Oh no... I'm nervous!

But there's no video?! They video'd you on Project Runway. This is just audio and it's not even going to be broadcast.


So, we were interested in getting you in Oasis. It's a gay youth site, if you checked it out. It's been around since 1995, and we already featured Tim Gunn before, but I think you're the first Project Runway contestant that we've had.

Is it OK if I'm straight? I'm not gay.

Uhh... you might want to talk to the Lifetime people, because their site seems to think you're gay, with a male partner, who wants kids in 10 years. So there's a little confusion there.


So, is this a dream of yours to be on the show? Have you been wanting to be on it since season one, season two?

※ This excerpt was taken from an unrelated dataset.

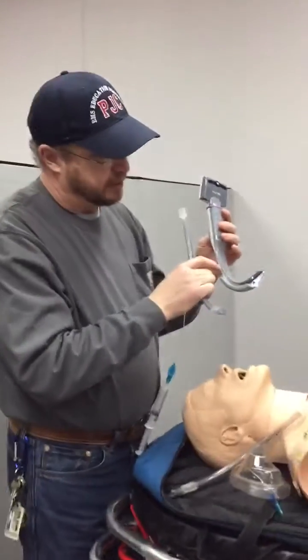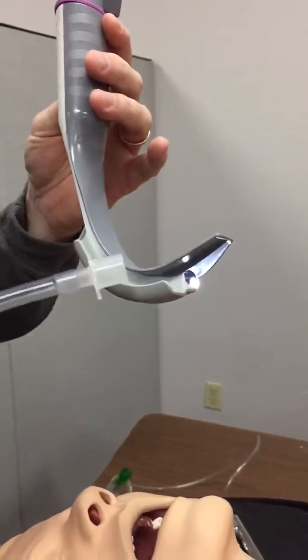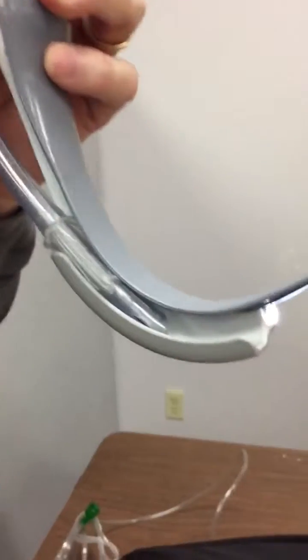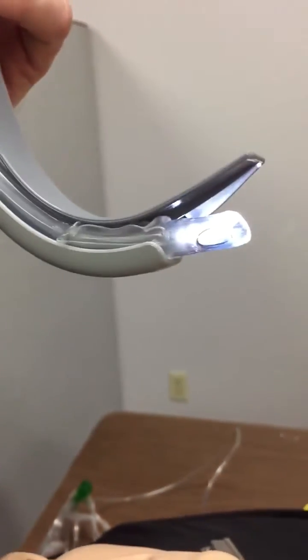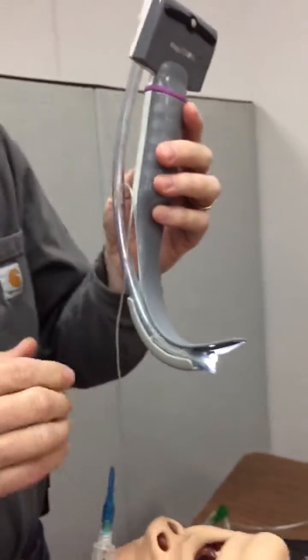This is the channel blade. This blade would be used without a stylet. It is designed to have the tube follow this channel down through here, where it will guide it right into the vocal cords.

It's funny, because when it first came out I didn't have cable, and one of my roommates was talking about the show when season one aired. He kept talking about Project Runway, and I was like, 'What is he talking about?' So, I finally got to see the first episode. It was a rerun, and I went to my friend's house, and I watched it and thought, 'Wow, this is a really interesting show.'

The fact that designers are competing against each other, and whoever's going to win wins $100,000 and a chance to show his or her collection at Bryant Park. That was so attractive to me, and appetizing. I was like, 'I want to be on that show. How do I get on that show?'

So, I started to work on my designs, because I never really worked as a fashion designer. I've always been sort of a stylist for The Gap, and I've been doing this job for nine years now. So, I made a few pieces, and I found out they were doing tryouts for the third season, so I flew to New York.

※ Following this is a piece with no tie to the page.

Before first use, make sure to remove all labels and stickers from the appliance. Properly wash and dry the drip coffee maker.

I made it as far as the second round, which is like 1 out of 10 people, and you go to the judging panel with Tim Gunn, Daniel Vosovic, and a representative for Elle Magazine, which is the magazine Nina Garcia worked for at that time.

I made it through the door, got to meet Tim Gunn and Daniel Vosovic, but they ended up hating my pieces, and I felt so devastated. I was like, 'I don't think I deserve to be in this show.'

They gave me very little feedback, but it meant a lot to me. They basically told me that my work looked unfinished, and like it was done very fast, in a rush. And I took that feedback and thought, 'Maybe they're right.' I gave myself two weeks to work on the portfolio I brought with me, and I thought of it very deeply and said to myself, 'One day, I'll make it on to that show.' I went back for tryouts for Season 7, and that's when they finally fell in love with the pieces I brought with me. They just gave me amazing praise and it felt good.

On your bio, it says you knew you wanted to be involved in fashion at age 11. How does that manifest itself at age 11?

I think when you're gay in the Philippines, you automatically get into things... you can be a hairstylist, an actor or actress, or a designer. And, at 11, I had this passion for fashion. I remember drawing fashion illustrations, and they were not that great. They were like stick figures with garments that did not make sense on them, and I just continued to do that and I got really, really good at it, as I drew very often.

At 11, that was probably sixth or fifth grade, back home in the Philippines, and I just sketched and sketched. And then when I went to high school, in my junior or senior year, I ended up designing the whole entire campus's prom dress, like all the girls came up to me and asked me to design their prom dress. It was kind of this entire collection that I created, but I didn't sew it. I sent the girls to a seamstress I know, and she sewed all the pieces I designed.